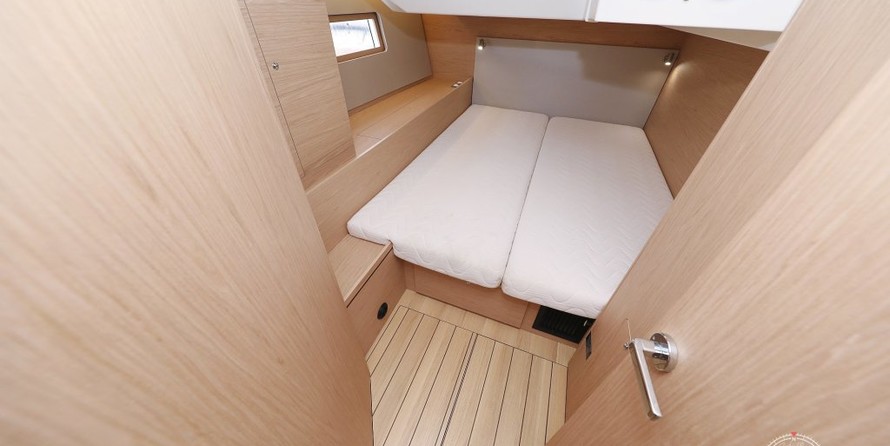 Beneteau Oceanis 51.1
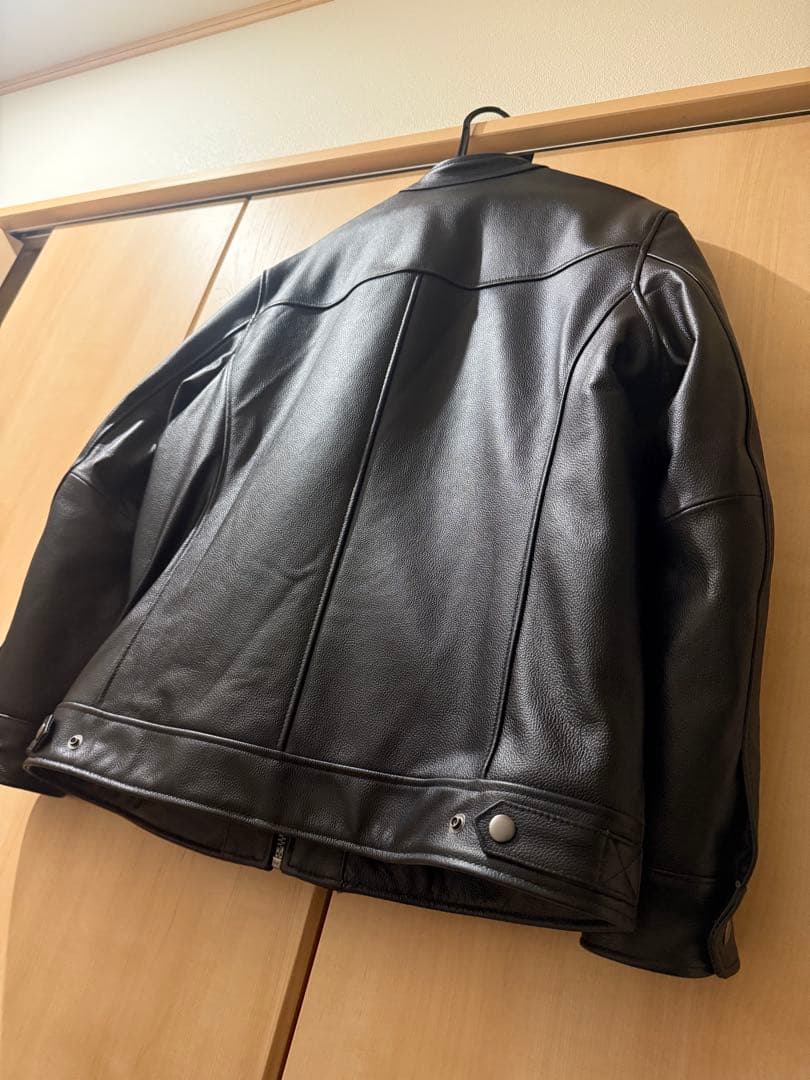 【新品未使用】革ジャン 黒のレザーライダースジャケット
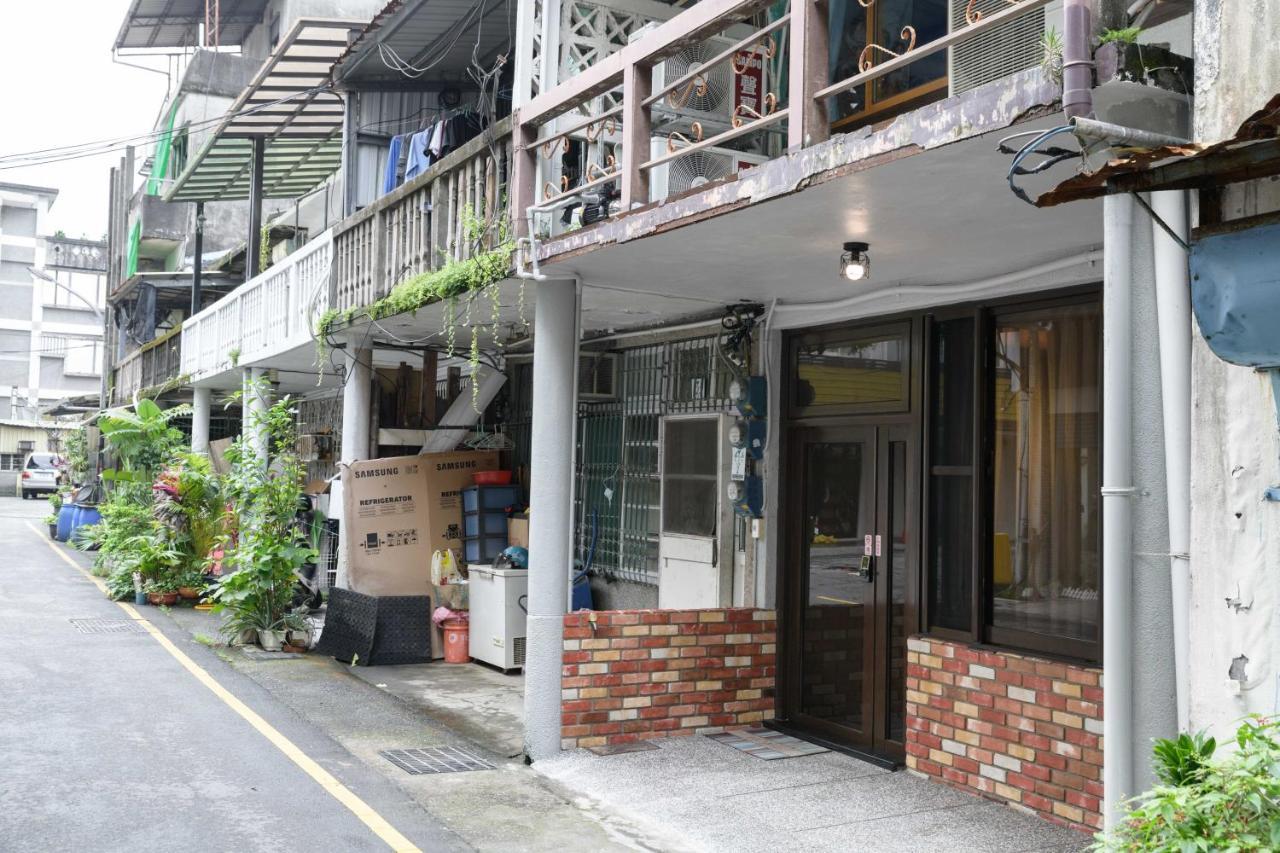 羅東夜市 小宅一生民宿 Night Market Small House Lifetime Hotel Луодонг Екстериор снимка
====================
Leaving images out, please output every line of the data exactly.

> [YOUR RESPONSE]:
 Beneteau Oceanis 51.1
 【新品未使用】革ジャン 黒のレザーライダースジャケット
 羅東夜市 小宅一生民宿 Night Market Small House Lifetime Hotel Луодонг Екстериор снимка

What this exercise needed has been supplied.